▸ Problem description
Among the entries below, only the lines from the one with "Mosaic G 38x56" through the one with "Тормозні (гальмівні) колодки" are wanted, reproduced exactly. Pictures are not wanted.

▸ Extracted entries
◇ ◇ ◇
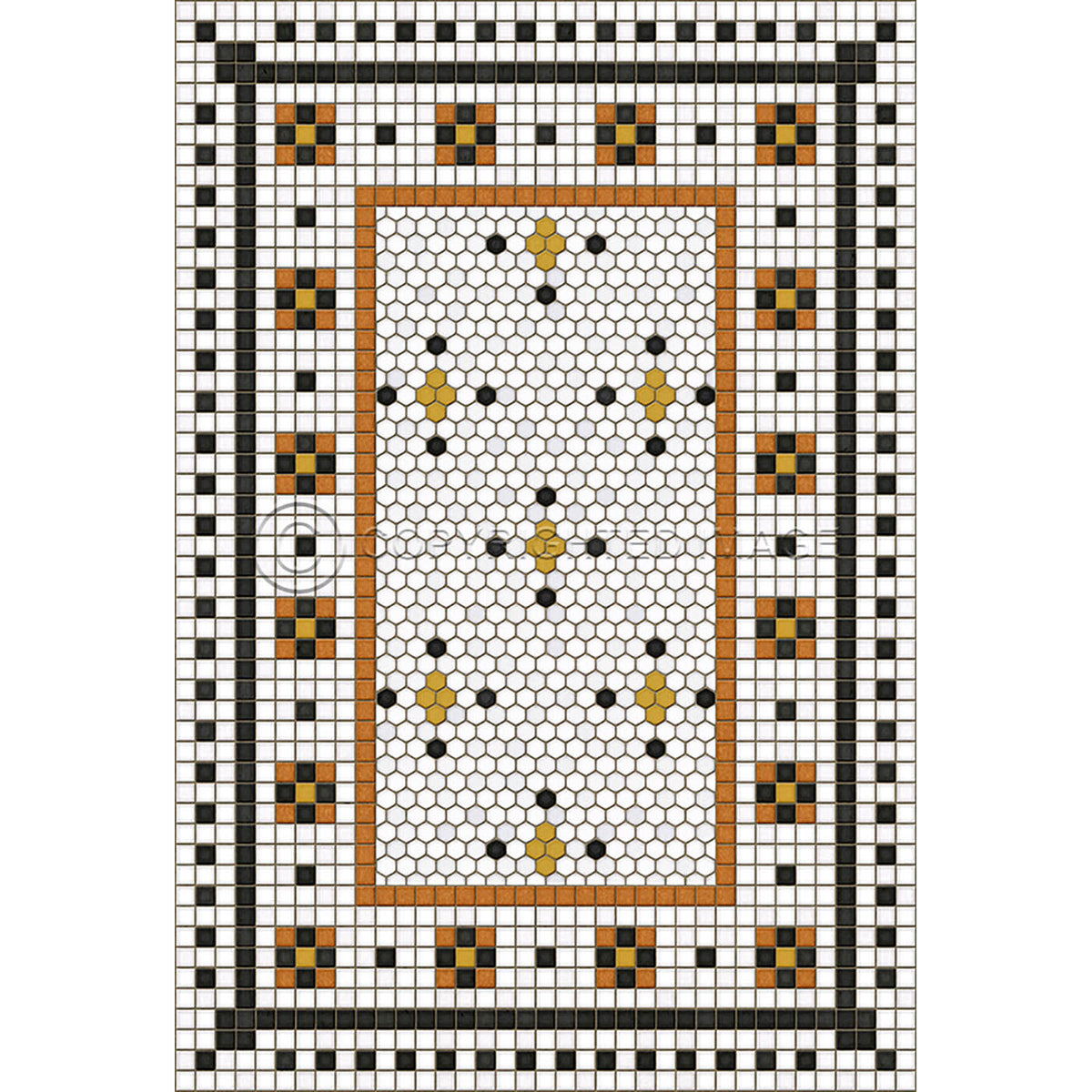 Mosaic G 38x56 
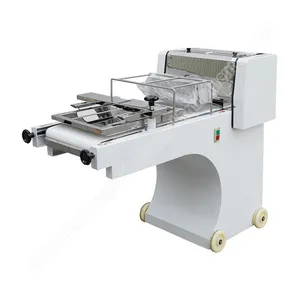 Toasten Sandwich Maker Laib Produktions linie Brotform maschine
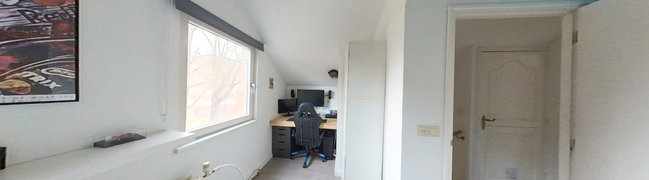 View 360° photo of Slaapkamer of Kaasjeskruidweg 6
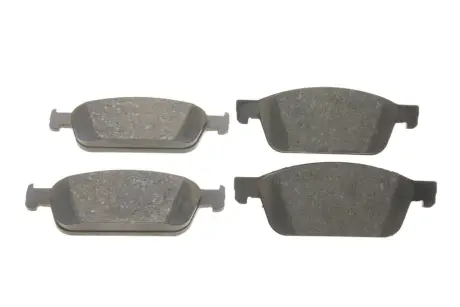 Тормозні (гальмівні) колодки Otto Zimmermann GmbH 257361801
◇ ◇ ◇
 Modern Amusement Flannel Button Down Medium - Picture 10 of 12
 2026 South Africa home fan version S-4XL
◇ ◇ ◇
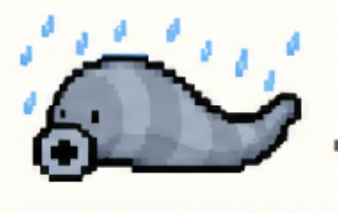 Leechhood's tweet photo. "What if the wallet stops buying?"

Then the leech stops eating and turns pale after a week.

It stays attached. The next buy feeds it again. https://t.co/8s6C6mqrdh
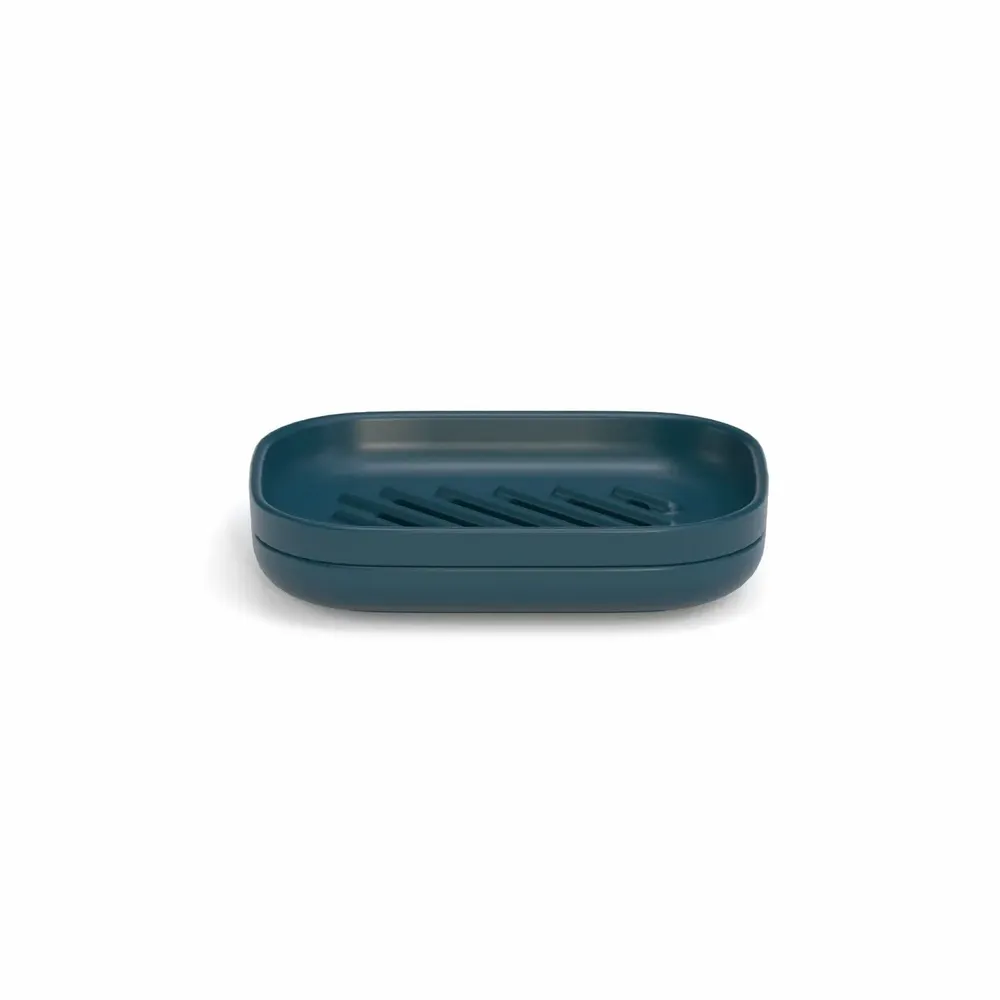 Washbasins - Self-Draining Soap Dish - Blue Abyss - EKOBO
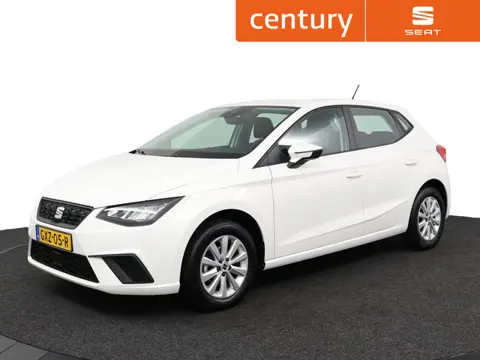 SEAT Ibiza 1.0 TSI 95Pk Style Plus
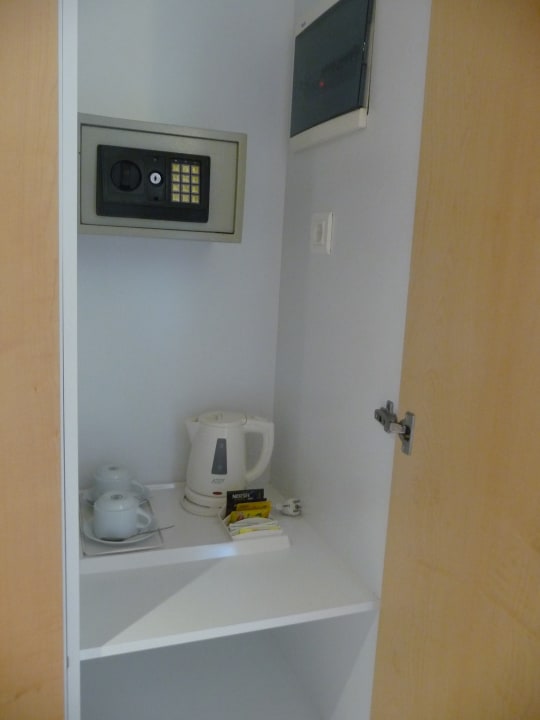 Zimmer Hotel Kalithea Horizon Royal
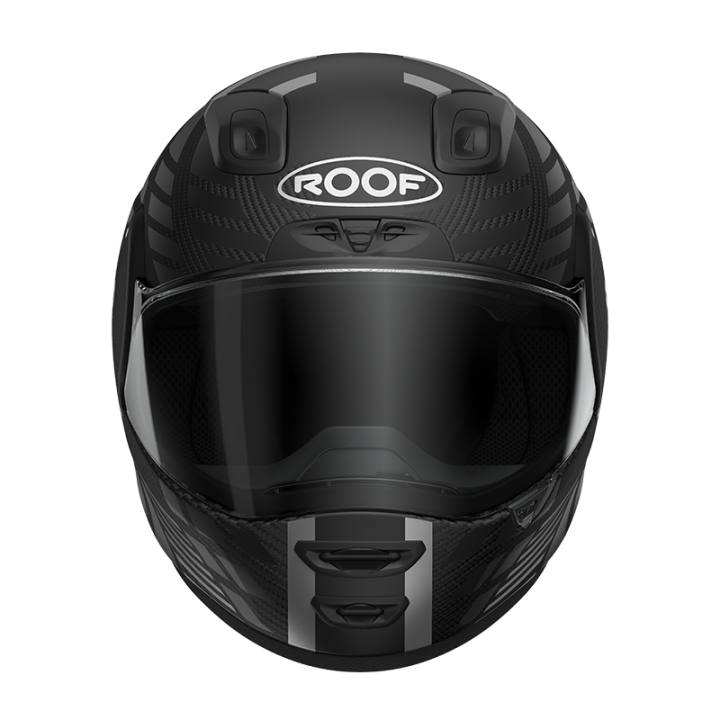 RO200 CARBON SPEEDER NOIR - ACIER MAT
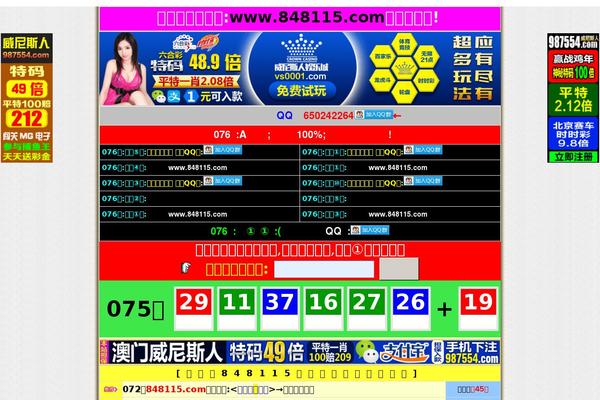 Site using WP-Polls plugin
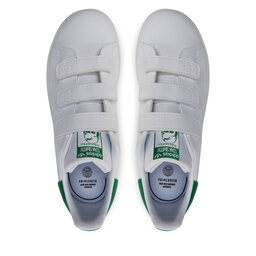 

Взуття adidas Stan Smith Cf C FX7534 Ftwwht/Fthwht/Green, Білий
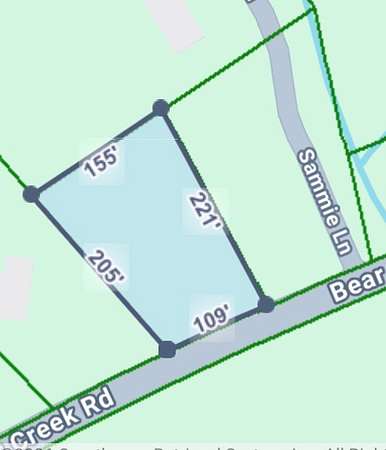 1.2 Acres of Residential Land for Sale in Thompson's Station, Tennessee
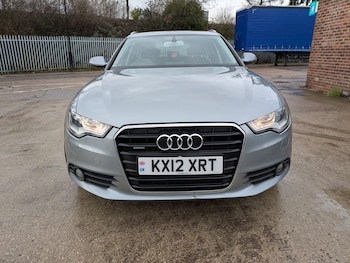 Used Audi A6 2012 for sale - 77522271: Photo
◇ ◇ ◇
▸ Response box
 Mosaic G 38x56 
 Toasten Sandwich Maker Laib Produktions linie Brotform maschine
 View 360° photo of Slaapkamer of Kaasjeskruidweg 6
 Тормозні (гальмівні) колодки Otto Zimmermann GmbH 257361801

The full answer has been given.